En una entrevista para el pódcast Tiene sentido, la especialista afirmó: “Tener todo el dinero en una cuenta corriente es uno de los principales errores que mucha gente comete”. Explicó que esta práctica equivale a tener mezclados utensilios diversos en un mismo lugar sin ningún orden. “¿Para qué existen entonces las cajoneras y los armarios? Para poner las cosas en su sitio”, añadió.

Wakefield recomienda organizar el dinero según sus diferentes funciones. Propone tener una cuenta principal destinada a recibir ingresos, pagar gastos mensuales y realizar movimientos habituales. Además, sugiere abrir una segunda cuenta para constituir un “fondo de seguridad”, destinado a cubrir imprevistos y emergencias, equivalente a varios meses de gastos básicos.

Otra estrategia que menciona la asesora financiera es anticipar gastos mediante una planificación cuidadosa. Esto incluye pagos previsibles como pólizas de seguro, vacaciones, impuestos, reparaciones o compras especiales vinculadas a fechas señaladas, como Navidad o cumpleaños.

Para ilustrar esta idea, Wakefield pone un ejemplo: una persona que desea ahorrar $2,500 para vacaciones debería dividir ese monto en aportes mensuales más manejables, como $150 o $200, transformando así un desembolso elevado en pagos periódicos accesibles.

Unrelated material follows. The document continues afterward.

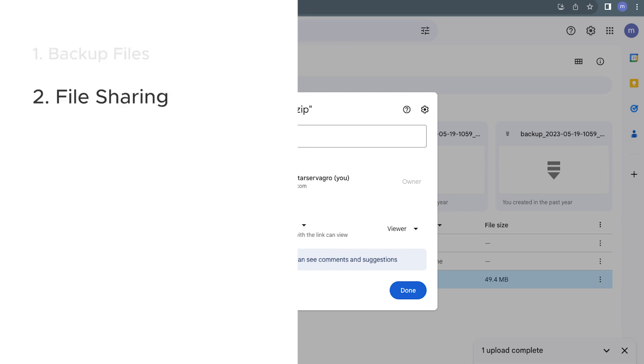The second reason is file sharing. If you need to share multiple files, especially a large number of them, zipping them into one archive file can simplify the process. Google Drive makes it easy to share links to these zip files with specific individuals or anyone with a link.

Además de organizar el dinero, la especialista recomienda realizar regularmente una auditoría de gastos, que permita conocer con precisión cuánto se destina a servicios, suscripciones, necesidades básicas, transporte, mantenimiento del automóvil, membresías y pólizas. Este control es fundamental para tomar decisiones financieras acertadas.

Por ejemplo, antes de iniciar el año, las personas pueden elaborar un presupuesto anual que establezca prioridades, identifique gastos prescindibles y defina montos concretos para el ahorro. Wakefield aconseja mantener una constancia en esas cantidades, evitando fluctuaciones que dificulten la acumulación sistemática. “Que cada mes sea siempre el mismo importe, o al menos dentro de un rango establecido. Decimos: ‘puedo ahorrar entre 300 y 500 euros’, por ejemplo, y eso debe cumplirse; no que un mes no se pueda ahorrar porque surgieron múltiples gastos imprevistos”, explicó.

Dedicando únicamente diez minutos semanales a ordenar las finanzas, es posible evaluar en períodos cortos el estado del presupuesto mensual. La especialista advierte que los pequeños pagos periódicos pueden convertirse en una “fuga económica silenciosa” si no se controlan adecuadamente.

En cuanto al uso de tarjetas de crédito, Wakefield señala que uno de los errores más comunes es la falta de control al financiar compras. Recomienda que, antes de efectuar una adquisición, se haga una evaluación honesta preguntándose si realmente se puede afrontar ese gasto. De no ser así, la compra debe descartarse.

Aunque reconoce que las tarjetas de crédito son herramientas financieras útiles, advierte sobre los riesgos asociados a su mal uso, como la acumulación de deudas difíciles de afrontar. Por ello, aconseja priorizar la tarjeta de débito y tener claro que cada uso de la tarjeta de crédito implica un compromiso de pago a mediano o largo plazo, con tasas específicas, es decir, un contrato que obliga a cumplir con las condiciones acordadas aunque el producto o servicio ya haya sido recibido.